Are there any receivers that can play FLAC natively? I feel that its a shame that the logitech Squeezebox Transporter is the only native (at least form what I can find) Flac player.

Am I too far ahead of the curve or does anyone else feel let down by Onkyo, Yamaha, Denon etc with the fact that none of their receivers can play FLAC naively?

Some of them will use uPNP to connect to "media servers" but the media server has to stream the FLAC so it down-converts as it transcodes (translates digital info to music) over the network for the receiver to play.

Even the highest high end Onkyo TX-NR906 does not support FLAC through its USB ports. This is particularly confusing because certain reviewers claim that it can play FLAC - well yes it "can" via the "media server" as described above.

Why haven't all the high end audio device makers not seized this opportunity? Is it because the true connoisseurs still listen to loss-less music on analog media (LP) ? What about the rest of us (ok ME) that can't afford the great analog equipment ?

Or... am I completely missing the boat on this? Are there good quality receivers in $2000 range that can play native FLAC?
anuruddhak

Showing 2 responses by kirkus

Some of them will use uPNP to connect to "media servers" but the media server has to stream the FLAC so it down-converts as it transcodes (translates digital info to music) over the network for the receiver to play.
I'm not sure where you got this information, but "down-conversion" isn't at all part of the uPNP protocol . . . the fact that it's "streaming" it from a network device doesn't mean that the audio quality is converted to typical "streaming" internet-radio quality. Plain 'ol 100Mbps ethernet has way more than the necessary bandwidth to stream 192KHz/24bit and beyond . . . so if a uPNP media renderer (i.e. the receivers that you describe) is properly designed, there is no loss of quality in transferring the file across the network.

You might take a look at the Linn DS components - they deliver pretty amazing performance, and support FLAC natively.
Since PS3 cannot play flac files from its own hard drive the media server has to process the flac file, down-convert and stream it to the PS3.
I'm not really familiar with the PS3 in this application, but if it doesn't support FLACs . . . then that's the type of bottleneck that would require the music file to be transcoded or down-converted simply for it to play at all.

The idea behind uPNP is that music files can be transferred between a media server and a "media renderer", and selected by a "control point" . . . and sometimes two or all three of these things are combined in one box.

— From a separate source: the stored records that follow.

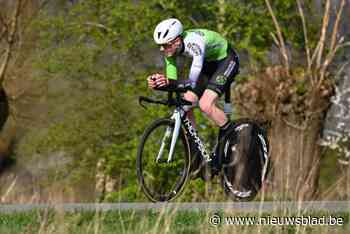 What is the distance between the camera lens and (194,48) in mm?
10406

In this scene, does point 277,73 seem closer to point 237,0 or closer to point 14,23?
point 237,0

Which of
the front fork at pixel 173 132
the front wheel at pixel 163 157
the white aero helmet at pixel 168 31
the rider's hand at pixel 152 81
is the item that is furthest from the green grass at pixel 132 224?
the white aero helmet at pixel 168 31

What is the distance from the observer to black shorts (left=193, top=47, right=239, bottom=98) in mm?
10852

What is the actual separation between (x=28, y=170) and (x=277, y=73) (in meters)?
15.3

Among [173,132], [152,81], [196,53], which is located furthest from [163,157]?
[196,53]

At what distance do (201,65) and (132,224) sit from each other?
2007 mm

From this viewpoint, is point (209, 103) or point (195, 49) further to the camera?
point (209, 103)

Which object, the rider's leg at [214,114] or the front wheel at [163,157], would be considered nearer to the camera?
the front wheel at [163,157]

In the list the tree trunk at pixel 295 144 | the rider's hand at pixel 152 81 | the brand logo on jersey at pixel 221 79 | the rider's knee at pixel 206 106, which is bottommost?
the tree trunk at pixel 295 144

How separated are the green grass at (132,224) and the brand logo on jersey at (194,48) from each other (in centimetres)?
151

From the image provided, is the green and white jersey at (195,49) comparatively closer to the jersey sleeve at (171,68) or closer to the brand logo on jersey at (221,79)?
the jersey sleeve at (171,68)

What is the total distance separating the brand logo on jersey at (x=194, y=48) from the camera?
10391 millimetres

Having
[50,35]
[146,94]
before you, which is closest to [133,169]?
[146,94]

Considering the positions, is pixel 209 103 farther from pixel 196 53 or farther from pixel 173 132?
pixel 196 53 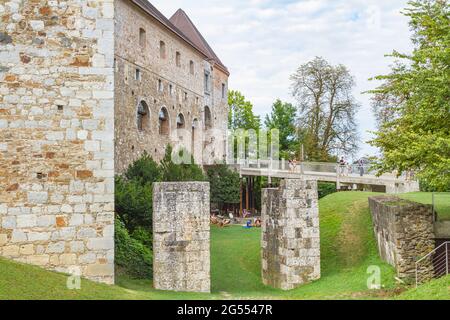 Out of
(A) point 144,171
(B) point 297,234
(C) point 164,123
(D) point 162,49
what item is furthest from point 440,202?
(D) point 162,49

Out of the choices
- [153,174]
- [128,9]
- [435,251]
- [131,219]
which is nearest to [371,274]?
[435,251]

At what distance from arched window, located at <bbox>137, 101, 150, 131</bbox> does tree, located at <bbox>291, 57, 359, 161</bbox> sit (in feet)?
60.2

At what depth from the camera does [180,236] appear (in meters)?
14.9

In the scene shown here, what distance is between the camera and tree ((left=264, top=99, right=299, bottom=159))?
55.5 m

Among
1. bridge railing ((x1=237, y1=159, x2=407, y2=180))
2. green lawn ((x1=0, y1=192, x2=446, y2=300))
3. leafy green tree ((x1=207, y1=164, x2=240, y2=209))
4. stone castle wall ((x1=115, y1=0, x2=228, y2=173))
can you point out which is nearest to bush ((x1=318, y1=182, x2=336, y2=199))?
bridge railing ((x1=237, y1=159, x2=407, y2=180))

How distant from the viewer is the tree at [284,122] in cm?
5553

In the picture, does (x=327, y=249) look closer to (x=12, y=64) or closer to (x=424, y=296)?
(x=424, y=296)

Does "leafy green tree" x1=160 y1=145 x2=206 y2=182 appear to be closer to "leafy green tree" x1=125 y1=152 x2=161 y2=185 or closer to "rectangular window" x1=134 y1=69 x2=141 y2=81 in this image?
"leafy green tree" x1=125 y1=152 x2=161 y2=185

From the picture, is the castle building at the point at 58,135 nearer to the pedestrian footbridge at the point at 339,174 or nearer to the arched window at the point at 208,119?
the pedestrian footbridge at the point at 339,174

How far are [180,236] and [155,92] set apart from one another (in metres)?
19.0

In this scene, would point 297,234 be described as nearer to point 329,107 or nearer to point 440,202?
point 440,202

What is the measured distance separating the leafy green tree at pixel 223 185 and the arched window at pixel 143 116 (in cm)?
996

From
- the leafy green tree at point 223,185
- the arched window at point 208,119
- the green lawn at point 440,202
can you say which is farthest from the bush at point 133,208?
the arched window at point 208,119

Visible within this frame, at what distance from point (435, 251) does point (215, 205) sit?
2629 cm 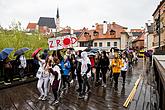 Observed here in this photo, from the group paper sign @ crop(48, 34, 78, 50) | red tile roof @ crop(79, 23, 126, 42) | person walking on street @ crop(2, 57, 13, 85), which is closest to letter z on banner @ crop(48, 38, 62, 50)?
paper sign @ crop(48, 34, 78, 50)

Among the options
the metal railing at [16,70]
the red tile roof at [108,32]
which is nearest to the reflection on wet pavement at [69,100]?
the metal railing at [16,70]

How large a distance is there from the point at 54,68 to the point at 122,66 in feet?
16.9

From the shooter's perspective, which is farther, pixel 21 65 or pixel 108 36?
pixel 108 36

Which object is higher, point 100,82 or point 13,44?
point 13,44

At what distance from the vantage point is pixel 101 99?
10.1 meters

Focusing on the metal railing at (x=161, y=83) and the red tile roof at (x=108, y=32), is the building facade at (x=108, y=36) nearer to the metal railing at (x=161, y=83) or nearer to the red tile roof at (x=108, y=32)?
the red tile roof at (x=108, y=32)

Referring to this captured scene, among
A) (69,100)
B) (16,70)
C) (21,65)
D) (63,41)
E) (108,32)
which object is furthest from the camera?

In a Linn DS setup, you have a uPNP media server (usually a dedicated Network Attached Storage appliance), a control point that's used to select your music (i.e. a PDA or laptop running Linn music-browser software), and the Linn DS itself, which is the media renderer. "uPNP" is simply the protocol by which the information is transferred between these three devices, in the same way that "TCP/IP" or "Windows file sharing" is a protocol . . . and have nothing to do with the content of the file itself (as long as nothing is broken and the files arrive intact).

To play FLACs, the media server has to support them because it must be able to read the data tags from the music files and send them to the control point so you can see your collection - but when the file is played, it is transferred whole and unmolested from the media server to the media renderer, which must also support FLAC in order to play it natively. Thus, the ultimate determiner of the sound quality *should* simply be the media renderer.